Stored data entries
►

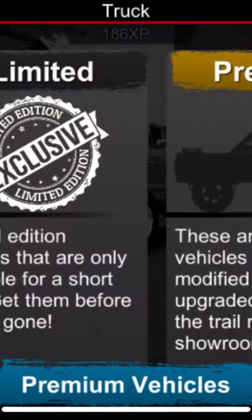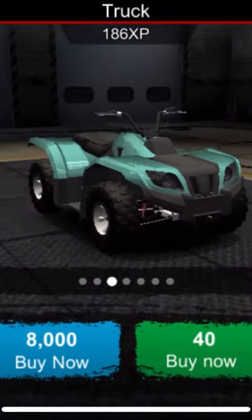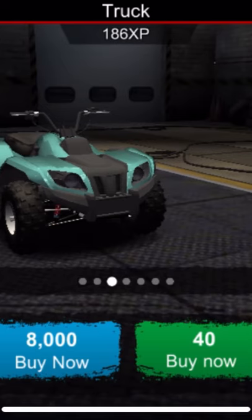Quick money glitch for you guys: head over to the dealership, click on quads, scroll over to the third one, go to colors, and if it's on a matte paint job, select a glossy one.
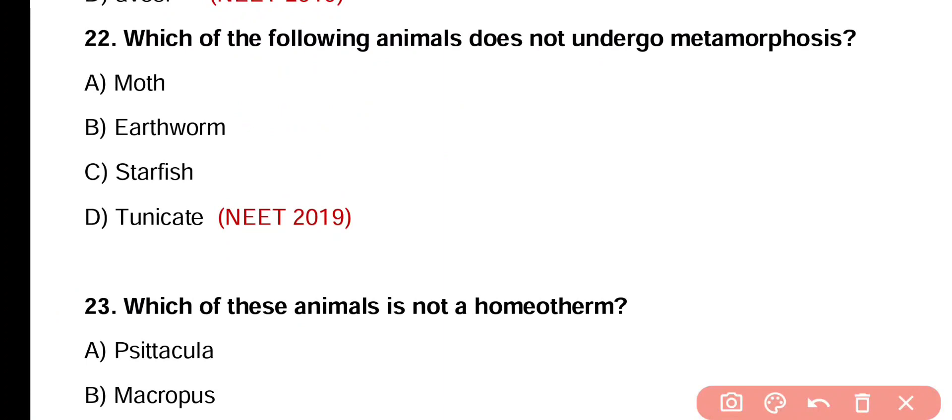Question number 22. Which one of the following animals does not undergo metamorphosis — moth, earthworm, starfish, or tunicate? Correct answer is option B. Except earthworm, all other three can undergo metamorphosis. Earthworm has no larval stage, so it does not undergo metamorphosis.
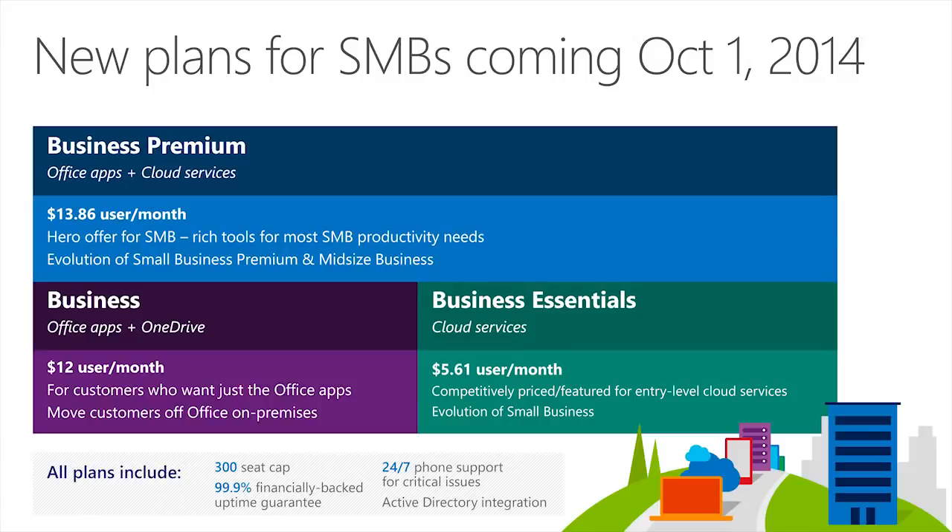The second one is Office 365 Business Essentials and this offers the core cloud services for running your business — business class email and calendaring, Office Online, online meetings, instant messaging, video conferencing, cloud storage and file sharing, and lots more. And then the third one is Office 365 Business Premium, which is basically the all-you-can-eat SKU. So you get everything from both Office 365 Business and from Business Essentials.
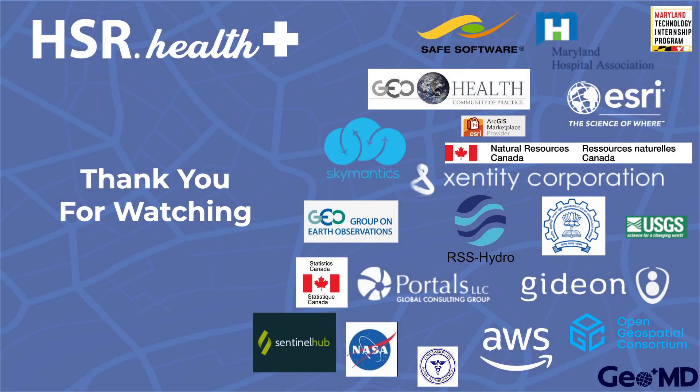Thank you for watching this demo. For additional information, please visit our website or contact us at impact.hsr.health.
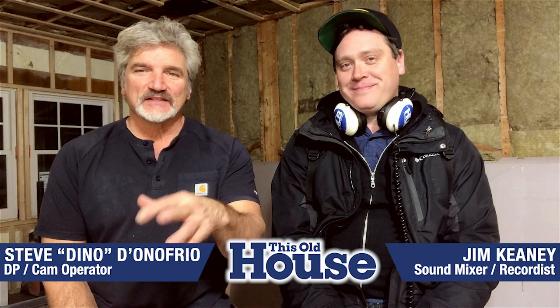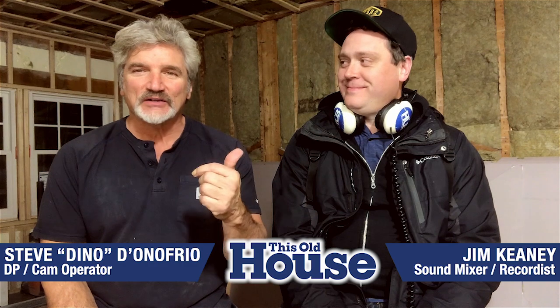Hey everybody, I'm Dino, DP cameraman for This Old House, taking you behind the scenes — sneak a little preview, it's our little tour. I know everybody likes to watch television, but we also listen to it too, which is why I'm here with the man, Jim Keeney, audio for This Old House, Ask This Old House, and a longer list. But let's talk about This Old House and let's talk about Jim Keeney.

◄

» **TRY IT**
Print, exactly and only, the lines running from the line with "The second one" through the last line of the data, including both. Skip any picture.

» **TASK RESPONSE**
The second one is Office 365 Business Essentials and this offers the core cloud services for running your business — business class email and calendaring, Office Online, online meetings, instant messaging, video conferencing, cloud storage and file sharing, and lots more. And then the third one is Office 365 Business Premium, which is basically the all-you-can-eat SKU. So you get everything from both Office 365 Business and from Business Essentials.
Thank you for watching this demo. For additional information, please visit our website or contact us at impact.hsr.health.
Hey everybody, I'm Dino, DP cameraman for This Old House, taking you behind the scenes — sneak a little preview, it's our little tour. I know everybody likes to watch television, but we also listen to it too, which is why I'm here with the man, Jim Keeney, audio for This Old House, Ask This Old House, and a longer list. But let's talk about This Old House and let's talk about Jim Keeney.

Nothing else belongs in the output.